INFORMATION SHOWN:
#####

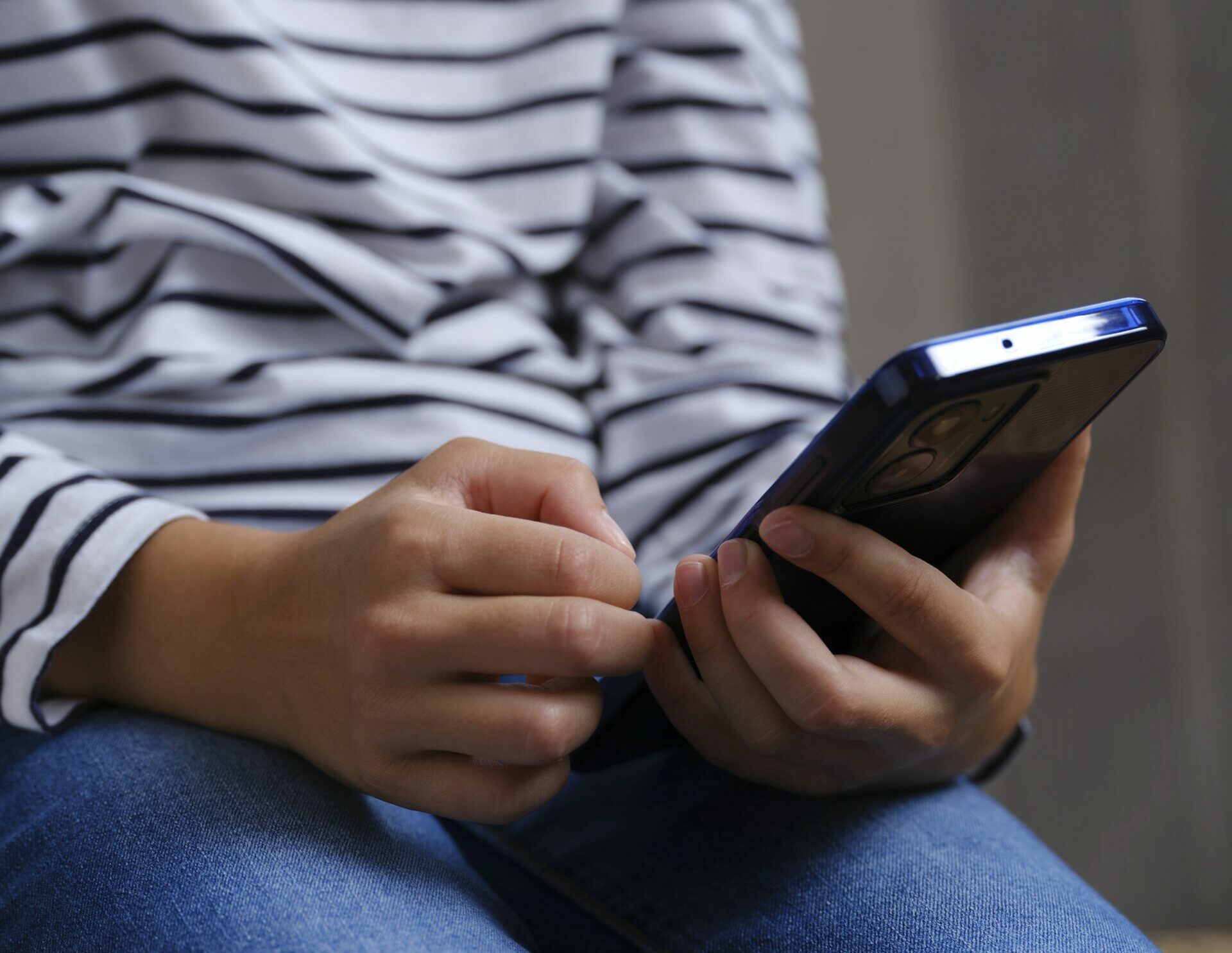 Senatul a adoptat Legea Majoratului Digital. Copiii sub 16 ani vor putea accesa platforme online doar cu acordul părinților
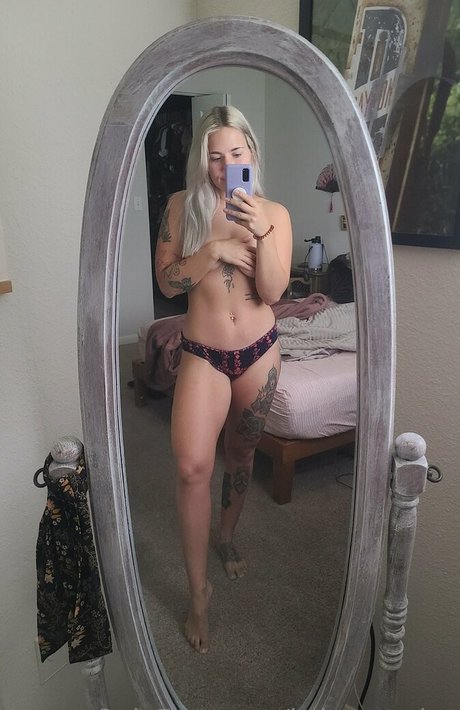Kyleemonica セクシー女優 写真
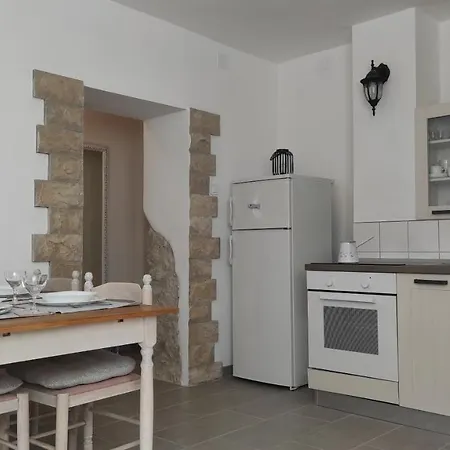 Loparina Lägenhet Nerezine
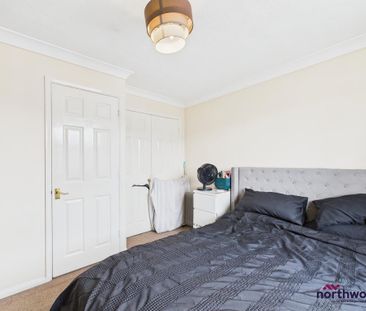 2 bedroom end of terrace house to rent - Photo 4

#####

PROBLEM DESCRIPTION: Each line from the one containing "Loparina Lägenhet Nerezine" through the last line of the listing is to be given again exactly, with no pictures and no other lines.

RESPONSE TO THIS TASK:
 Loparina Lägenhet Nerezine
 2 bedroom end of terrace house to rent - Photo 4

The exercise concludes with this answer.